David Townsend

Personal information
- Born: David G. H. Townsend 28 August 1955 (age 70) Birmingham, West Midlands

Sport
- Sport: Rowing

Medal record
Men's rowing
Representing Great Britain
| Bronze medal – third place | 1980 Moscow | Coxless four |
World Championships
| Bronze medal – third place | 1978 Karapiro | Coxless four |
| Bronze medal – third place | 1979 Bled | Coxless four |

= David Townsend (rower) =

British rower (born 1955)

David G. H. Townsend (born 28 August 1955) is a British rower who competed in the 1976 Summer Olympics and in the 1980 Summer Olympics.

==Rowing career==
Townsend was part of the eight that at the 1975 World Rowing Championships in Nottingham, the crew finished 9th overall after a third-place finish in the B final. The following year he was a crew member of the British boat which finished twelfth in the coxless four event at the 1976 Olympic Games.

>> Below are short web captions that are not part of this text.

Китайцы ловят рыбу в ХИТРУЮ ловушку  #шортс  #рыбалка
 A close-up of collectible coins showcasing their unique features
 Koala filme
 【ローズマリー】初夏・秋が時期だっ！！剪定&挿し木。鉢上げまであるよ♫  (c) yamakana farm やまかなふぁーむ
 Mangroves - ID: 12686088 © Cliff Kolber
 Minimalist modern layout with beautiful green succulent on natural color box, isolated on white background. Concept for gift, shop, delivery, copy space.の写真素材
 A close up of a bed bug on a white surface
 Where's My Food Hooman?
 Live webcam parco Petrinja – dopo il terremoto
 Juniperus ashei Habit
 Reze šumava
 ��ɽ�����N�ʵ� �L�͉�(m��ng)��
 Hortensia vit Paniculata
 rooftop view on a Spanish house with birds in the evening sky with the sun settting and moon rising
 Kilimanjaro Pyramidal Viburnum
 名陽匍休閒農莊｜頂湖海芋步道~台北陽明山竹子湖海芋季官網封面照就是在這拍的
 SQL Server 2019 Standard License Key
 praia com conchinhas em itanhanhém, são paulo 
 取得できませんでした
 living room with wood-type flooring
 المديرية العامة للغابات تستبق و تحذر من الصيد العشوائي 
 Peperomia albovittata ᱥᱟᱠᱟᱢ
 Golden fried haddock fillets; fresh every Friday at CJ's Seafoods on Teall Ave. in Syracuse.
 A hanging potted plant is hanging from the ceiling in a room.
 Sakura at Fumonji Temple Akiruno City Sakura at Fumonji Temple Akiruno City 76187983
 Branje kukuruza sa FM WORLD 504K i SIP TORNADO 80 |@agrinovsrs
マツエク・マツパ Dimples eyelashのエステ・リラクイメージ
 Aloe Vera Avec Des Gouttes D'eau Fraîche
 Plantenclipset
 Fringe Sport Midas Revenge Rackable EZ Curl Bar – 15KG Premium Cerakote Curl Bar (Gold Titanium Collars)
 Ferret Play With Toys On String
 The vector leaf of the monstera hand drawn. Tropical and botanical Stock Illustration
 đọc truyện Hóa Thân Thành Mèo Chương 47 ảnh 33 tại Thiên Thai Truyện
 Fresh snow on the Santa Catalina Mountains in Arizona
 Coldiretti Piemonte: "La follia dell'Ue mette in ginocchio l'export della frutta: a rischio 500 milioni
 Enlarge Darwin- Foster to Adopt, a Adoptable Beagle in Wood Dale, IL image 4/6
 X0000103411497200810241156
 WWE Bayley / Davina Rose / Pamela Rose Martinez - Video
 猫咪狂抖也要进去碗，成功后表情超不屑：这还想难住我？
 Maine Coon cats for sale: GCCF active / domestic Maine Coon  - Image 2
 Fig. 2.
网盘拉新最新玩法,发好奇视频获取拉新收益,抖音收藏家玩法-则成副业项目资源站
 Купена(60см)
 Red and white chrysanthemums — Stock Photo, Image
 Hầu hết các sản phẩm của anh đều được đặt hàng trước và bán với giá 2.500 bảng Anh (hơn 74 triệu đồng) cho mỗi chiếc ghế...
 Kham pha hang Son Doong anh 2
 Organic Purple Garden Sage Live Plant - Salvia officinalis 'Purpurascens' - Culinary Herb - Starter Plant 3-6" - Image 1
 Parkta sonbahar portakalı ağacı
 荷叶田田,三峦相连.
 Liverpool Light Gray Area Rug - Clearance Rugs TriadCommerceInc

In 1978 along with John Beattie, Ian McNuff, and Martin Cross, he was a member of the British coxless four boat, coached by David Tanner which won the bronze medal in the World Rowing Championships at Lake Karapiro, New Zealand behind Russia and East Germany. The following year in 1979 along with John Beattie, Ian McNuff and Martin Cross he was a member of the British coxless four boat which won the bronze medal in the World Rowing Championships at Bled, Yugoslavia behind East Germany and Czechoslovakia. Coached by David Tanner

In the 1980 Moscow Olympics along with John Beattie, Ian McNuff and Martin Cross he was a crew member of the British boat (again coached by David Tanner) which won the bronze medal in the Olympic coxless fours event behind East Germany and Russia.